(Stored entries)
- - - - - - -
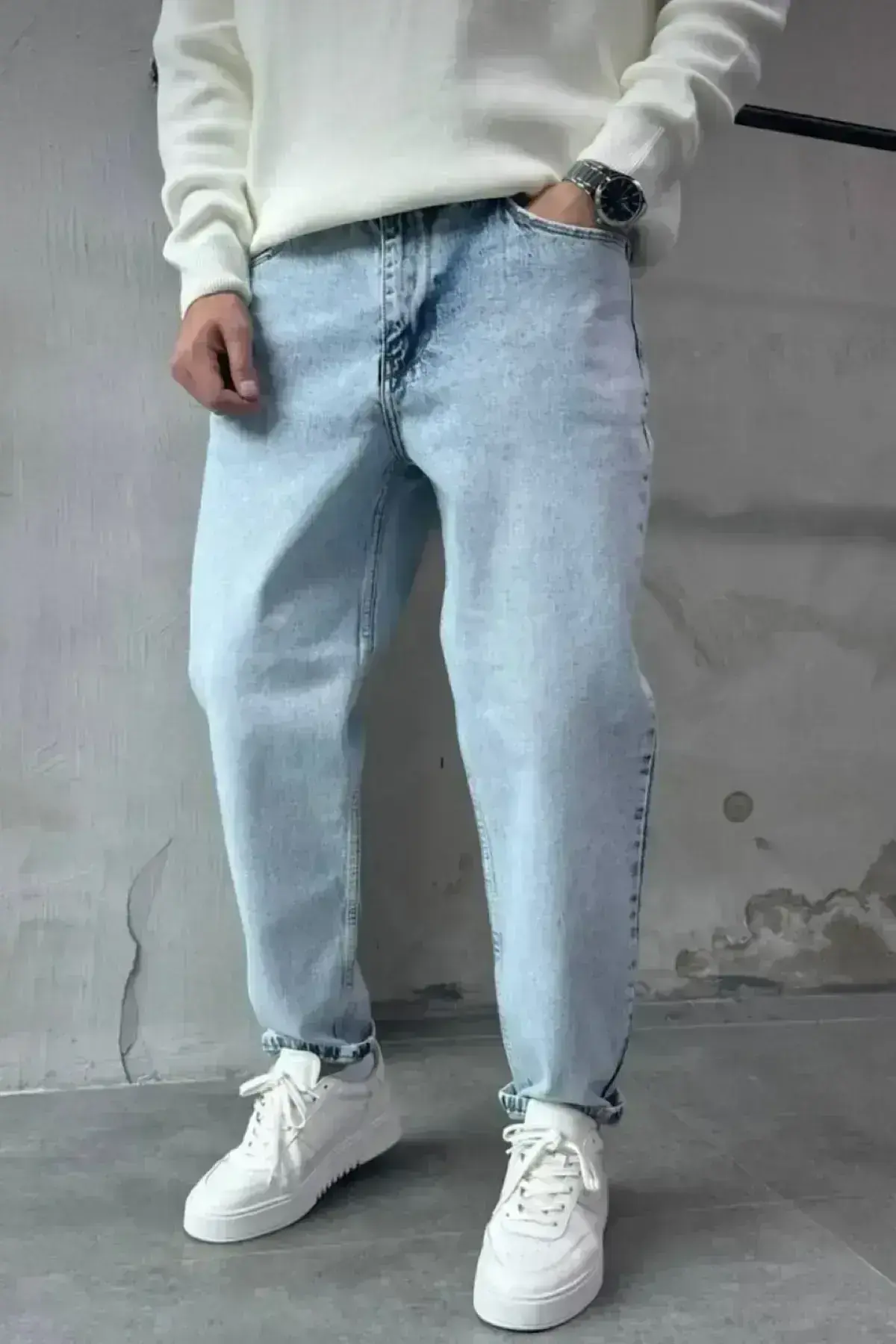 Buz Mavi - Boyfriend Kot Pantolon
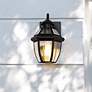2_Z-Lite Westover 10 1/2" High Traditional Black Outdoor Wall Light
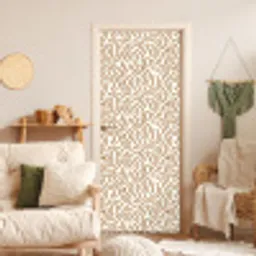 Minimalistisch - Patroon - Terracotta deurposter klein 289 -sfeer2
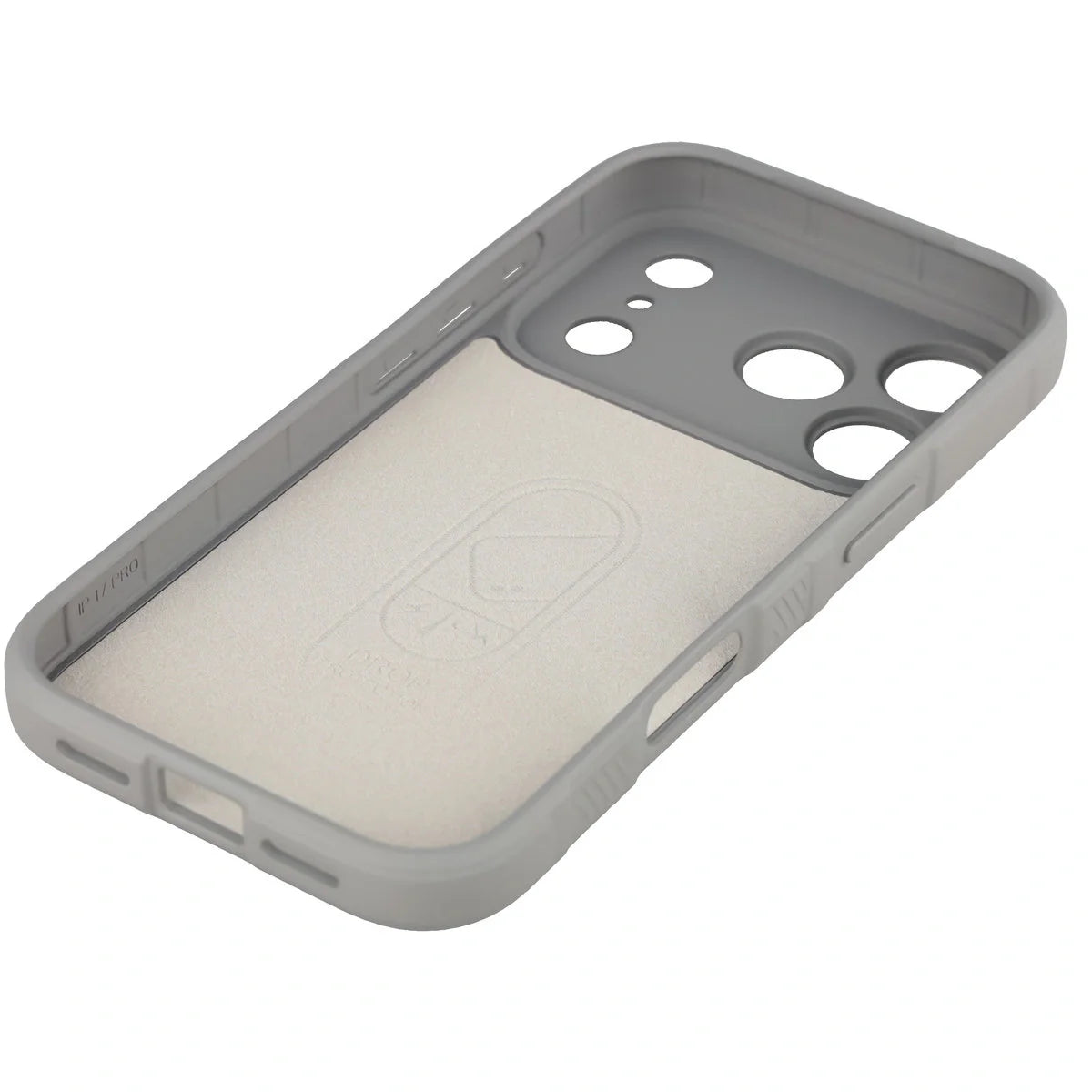 Robuste Handyhülle für iPhone 17 Pro, Bizon Case Tur, Hellgrau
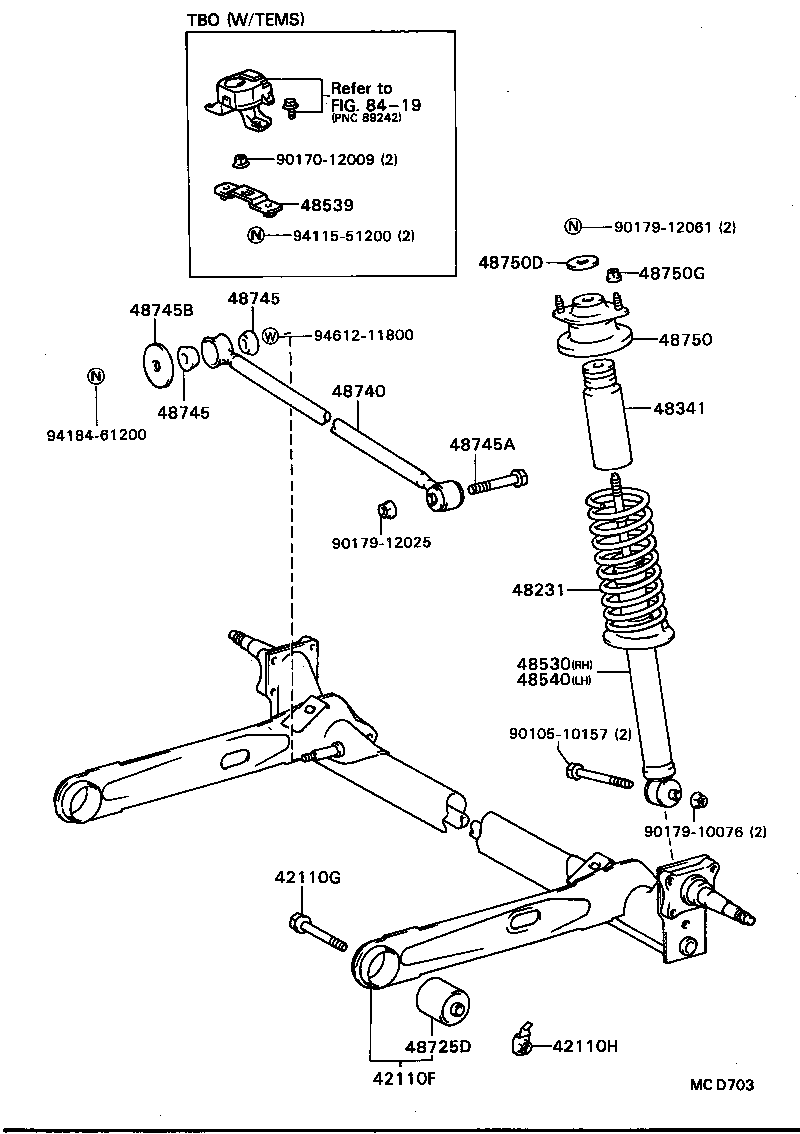 42110-16040 BEAM ASSY, REAR AXLE product image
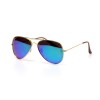 Ray Ban Aviator (каплі) сонцезахисні окуляри 10660 золоті з синьоюлінзою 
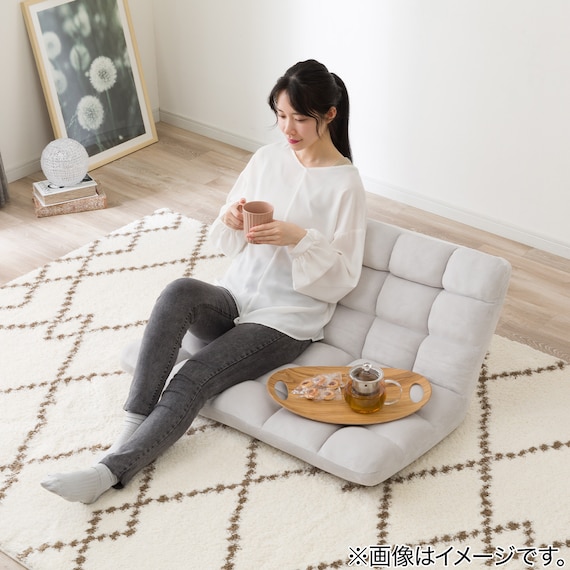 コンパクト2P座椅子 マルプ(LC-A08MP グレー) 9枚目画像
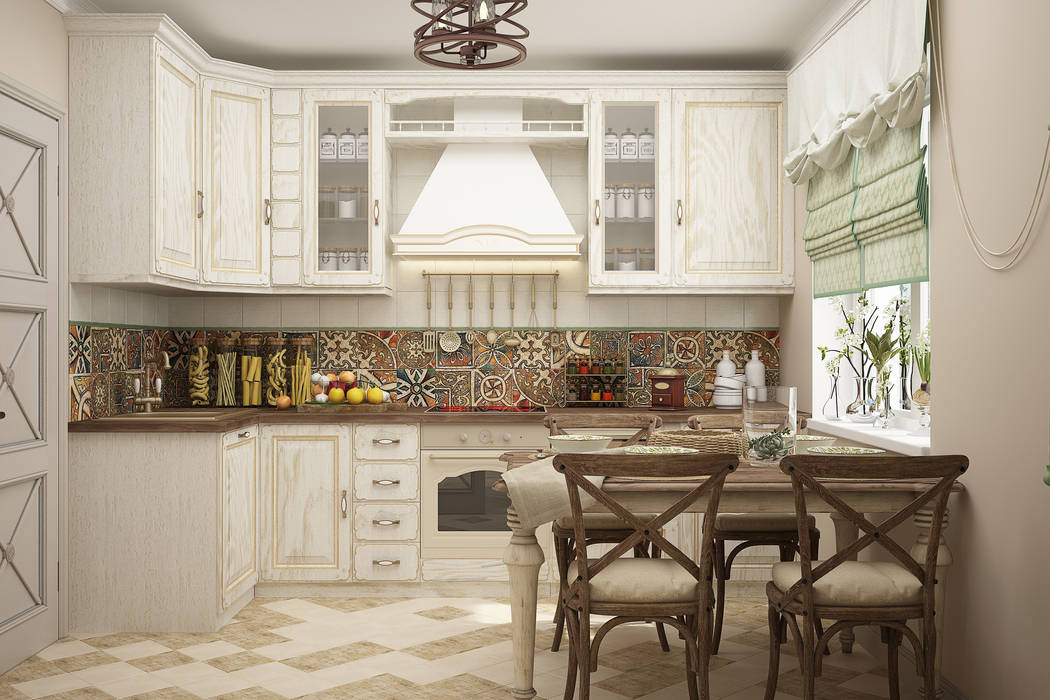 Кухня "Davinci", Студия дизайна Дарьи Одарюк Студия дизайна Дарьи Одарюк Cocinas de estilo mediterráneo
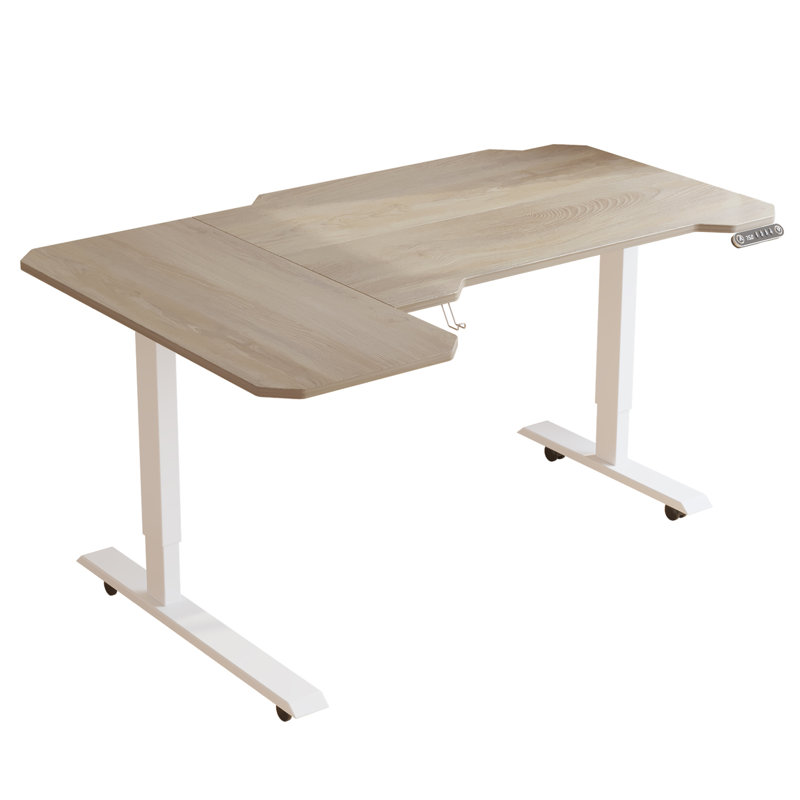 Daycia L-Shaped Height Adjustable Standing Desk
- - - - - - -
§ **Work instruction**
Your reply should be the lines of the records from the start through the line with "Robuste Handyhülle für", copied word for word, pictures omitted.

§ **Solution**
 Buz Mavi - Boyfriend Kot Pantolon
2_Z-Lite Westover 10 1/2" High Traditional Black Outdoor Wall Light
 Minimalistisch - Patroon - Terracotta deurposter klein 289 -sfeer2
 Robuste Handyhülle für iPhone 17 Pro, Bizon Case Tur, Hellgrau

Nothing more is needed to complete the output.